_Stored data_.

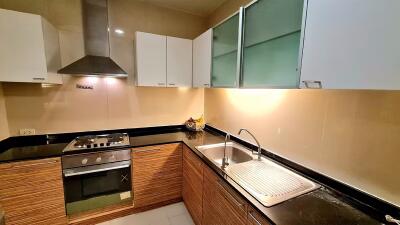 Piyathip Place Serviced Apartment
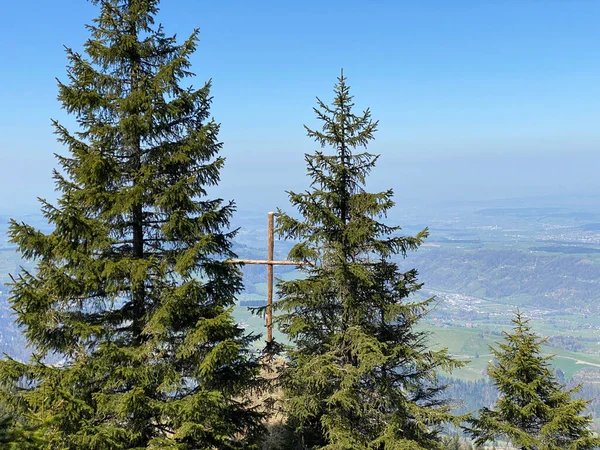 Křesťanský Krucifix Kopcích Vyhlídkách Nad Alpským Údolím Eigental Einsiedeln Kanton — Stock fotografie
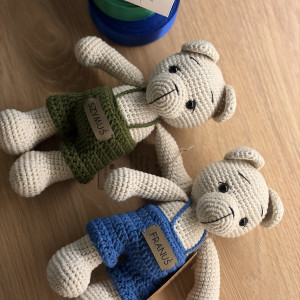 Mały miś na szydełku, przytulanka dla dziecka, personalizowany miś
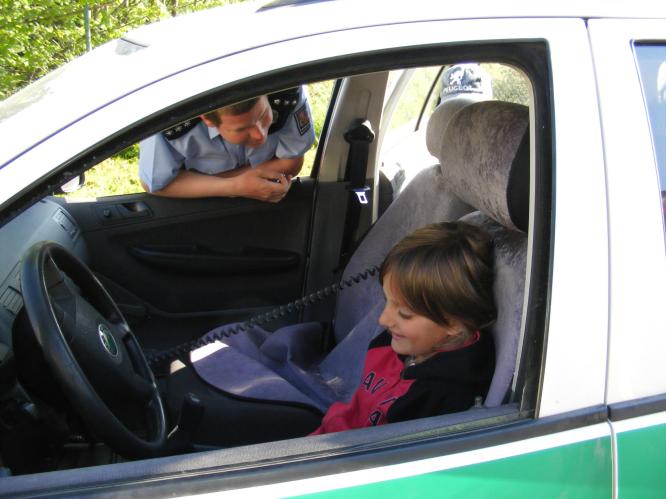 V policejním autě.jpg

_Task prompt_. Without the pictures, repeat the listing exactly as it reads.

_Solution to the exercise_.
 Piyathip Place Serviced Apartment
 Křesťanský Krucifix Kopcích Vyhlídkách Nad Alpským Údolím Eigental Einsiedeln Kanton — Stock fotografie
 Mały miś na szydełku, przytulanka dla dziecka, personalizowany miś
 V policejním autě.jpg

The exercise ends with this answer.